The results of the last two national elections show us that a majority of U.S. citizens want progress, and they want functional government is that responsible to them and which can address issues in a way that makes a difference in their lives. Watching the helpless flopping about in Washington has tried even my faith in American democracy. In spite of their minority status, in spite of the fact that a crushing majority of Americans disagrees with their agenda, the Right still is dictating policy. I’m beginning to wonder if our form of government can survive at all.

13 thoughts on “California: The First Domino?

  1. Right Maha, makes perfect sense. And on the bright side ….????…?!!!

  2. It sure looks like the golden state will fall into the ocean, and it will not be the “fault” of St. Andreas.Oh, the irony…………..

  3. It’s utterly infuriating. My district (CA-50, San Diego) was deep red till recently, and my local family is about 85% wingnut. During the Davis recall, they’d literally shove Arnold buttons in my face, giggling maniacally.

    Most people don’t understand or care about policy. This is politics as tribalism.

    Witness also the recent jackbooted tactics of pepper-spraying middle-aged Democrats for the crime of fundraising while liberal at a lesbian’s house.

    It’s all about hippy hatred. Still. Almost 50 years later. Being 35, I just don’t understand it, but that’s what it is, as far as I can tell. Arnold is doing his job as long as the girly men / hippies are whining.

    And my several family members who depend in varying degrees on state support are already blaming Obama for the declining services (and they ain’t seen NOTHING yet).

    Pardon the rant.

  4. Gary Kamiya has a lot of good stuff in his article, and he certainly hits it a lot closer than most analysts I’ve seen recently. Califoenia is really too complex to boil down to a single “Salon” article, though, and I think he misses a couple of major issues.

    First among them is gerrymandering and the closed primary system. That is first and foremost what creates our polarized government, and is by far and away the biggest source of our fiscal problems. Legislators have to face party loyalists in primary battles, and they can be sunk by one single vote in the legislature in that primary race. When a budget bill comes up the party machinery is threatening legislators with primary challenges if they do not vote the party line, and that machinery can and absolutely does sink legislators who do not comply. They do it in the primary elections, where only party members vote, where turnout is small and consists of party loyalists, and where districts boundaries are carefully drawn to allow parties to control outcomes.

    Prop 13 is a bit overstated in his article as well. Property taxes have increased since that proposition passed, and they have increased in far greater degree than has population, since the limit on taxes does not apply to new construction (of which there have been a great plenty), nor to any property which changes ownership.

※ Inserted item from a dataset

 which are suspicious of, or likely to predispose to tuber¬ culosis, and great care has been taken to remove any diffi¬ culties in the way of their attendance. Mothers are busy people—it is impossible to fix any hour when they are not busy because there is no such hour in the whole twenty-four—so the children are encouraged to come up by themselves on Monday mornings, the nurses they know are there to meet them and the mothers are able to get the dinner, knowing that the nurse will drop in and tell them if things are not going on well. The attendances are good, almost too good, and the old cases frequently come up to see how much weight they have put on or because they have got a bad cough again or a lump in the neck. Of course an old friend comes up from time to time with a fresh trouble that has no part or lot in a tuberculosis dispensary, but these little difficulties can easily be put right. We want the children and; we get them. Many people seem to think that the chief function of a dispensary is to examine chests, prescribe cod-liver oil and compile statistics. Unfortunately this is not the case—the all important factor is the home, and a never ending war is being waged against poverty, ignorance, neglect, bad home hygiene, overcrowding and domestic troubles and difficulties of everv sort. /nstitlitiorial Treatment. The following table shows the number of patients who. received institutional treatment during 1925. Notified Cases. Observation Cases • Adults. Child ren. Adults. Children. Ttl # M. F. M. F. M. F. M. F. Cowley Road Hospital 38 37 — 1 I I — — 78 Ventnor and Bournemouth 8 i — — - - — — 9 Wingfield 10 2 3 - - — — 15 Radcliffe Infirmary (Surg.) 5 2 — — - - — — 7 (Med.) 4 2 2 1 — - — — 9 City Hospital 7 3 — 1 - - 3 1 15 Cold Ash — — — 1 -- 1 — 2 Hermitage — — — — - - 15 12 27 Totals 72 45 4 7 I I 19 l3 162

    The real problem in budgeting has been the dramatic swings in income taxes and the irresponsibility of government with respect to that. When incomes went up, and tax income increased along with it, the legislature went on a spending spree and did so in a fashion that did not allow ending the spending when state income dropped. So as incomes have declined and taxes have declined, the legislature is bound up by party machinery dictating a deadlock in responding to that fact.

    Not that Gary Kamiya is wrong in anything he says, I think he is correct in most respects, other than a slight overstatement on the tax limitations of Prop 13. I’m also inclined to think that a 2/3 majority for budgeting would be tolerable if it were not for the closed primaries and gerrymandering, but maybe not. There are just a whole lot of things contributing, and I don’t think there is a “magic bullet” that can kill the problem and set Californis free.

  5. People in CA right now are dealing with the stuff of recessions: high unemployment, how to make ends meet. Everyone has some idea of how broken (bankrupt) the state is, but so far, we haven’t really seen the effects. And so life goes on. The prescient ones – and I know some teachers who fall into this category, some have even commented on this site – left years earlier.

    But I don’t think the enormous majority of the tools who show up for “tea parties” and Palin rallies have any idea they are, in effect, begging for dictatorship.

    You’re mistaken on this count. There is a huge number of wingnuts who, whether they use those words or not, want a dictatorship. “Someone to keep order” I’ve heard them say. These are the 25 percenters, the ones who buy Sean Hannity’s line that things were just great when Bush left office. They actually believe Bush left the country in better condition than before. They’re completely impervious to facts and reason. These are the same idiots who gave away their power in Germany to Hitler. They’re found in every society. They need Daddy.

    And here I get conspiratorial. Arnold came in with many promises, among them, a promise to rollback the vehicle licensing fee, which I’m told netted the state $7 billion a year. Several years of this deficit almost equals the amount the state is in the red today. Like the far right’s tax cuts (giveaways) in the Bush years, done in order to cripple the federal government down the road (“to drown it in a bathtub”), if this data is correct, it certainly seems like a plan designed to sink California a few years later. I’d like to read someone correct me on this point (Arnold and the vehicle tax rollback), I’m not sure I have the facts straight.

  6. And on the bright side ….????…?!!!

    The governor of Alaska has just resigned.

    Now if Ahnuld would only follow her lead….

  7. True, we Californians have to accept responsibility for trying to BE progressive. I think the common theme here is – that the Republicans will choose politics over everything. Even their own States well-being. Same as we have seen in National Politics. The entire ‘system’ is corrupt and is collapsing. California is once again leading the way. We will show the rest of the Country what is in store for them (all of you) as well. You can thank us later.

  8. I was born in California because my Dad was stationed there during the war. I just retired and moved back home to Tacoma, Washington, which is truly God’s country. However, I decided I wanted to get a passport because that is needed just to go to Canada now. I wrote to California in early February, enclosing the required $14, requesting a copy of my birth certificate. I presently have a postcard dated April 15, 2009, and it says birth certificates take 12 weeks to process. The postmarked date is June 16, 2009. Which date do I use for calculating the 12 weeks?????? I have I get my passport before I get my walker.

  9. Kamiya’s piece makes many good observations, but “California’s citizens seem weirdly oblivious, or resigned, or numb.” WTF? Did he talk to any? Head on over to Calitics, or even just read the newspapers out here, watch the local news… CA probably needs another constitutional convention or something, because the budget and tax system right now is completely dysfunctional, especially with the zealots currently in power. Some big demonstrations are also needed to help dislodge the stogie in the governor’s mouth.

    Your paragraph with “What the Right can’t get is that tyranny doesn’t come from government; it comes from the concentration of power” is very sharp, except many conservatives know this damn well, and are actively working to concentrate more power.

  10. Batocchio — point taken about concentration of power, but I think the Right doesn’t consider such concentration “tyranny” if they’re the ones with the power.

  11. Okay, fair enough, especially since I agree with you! Thanks for clarifying. I think some of it’s authoritarianism, and the good and the bad being defined by tribal identity (torture is bad when done to us, good when done to the dusky-hued scary furriners). Related to that, there’s the attitude that America is theirs alone, and anyone not in their group is a dangerous interloper. I think some of them do get the game, and just don’t care, while others don’t really reflect on it – it’s core dogma.

    Seeing the same right-wingers scream about tyranny under Obama who attacked anyone who criticized Bush’s abuses of power has been both surreal and sadly predictable.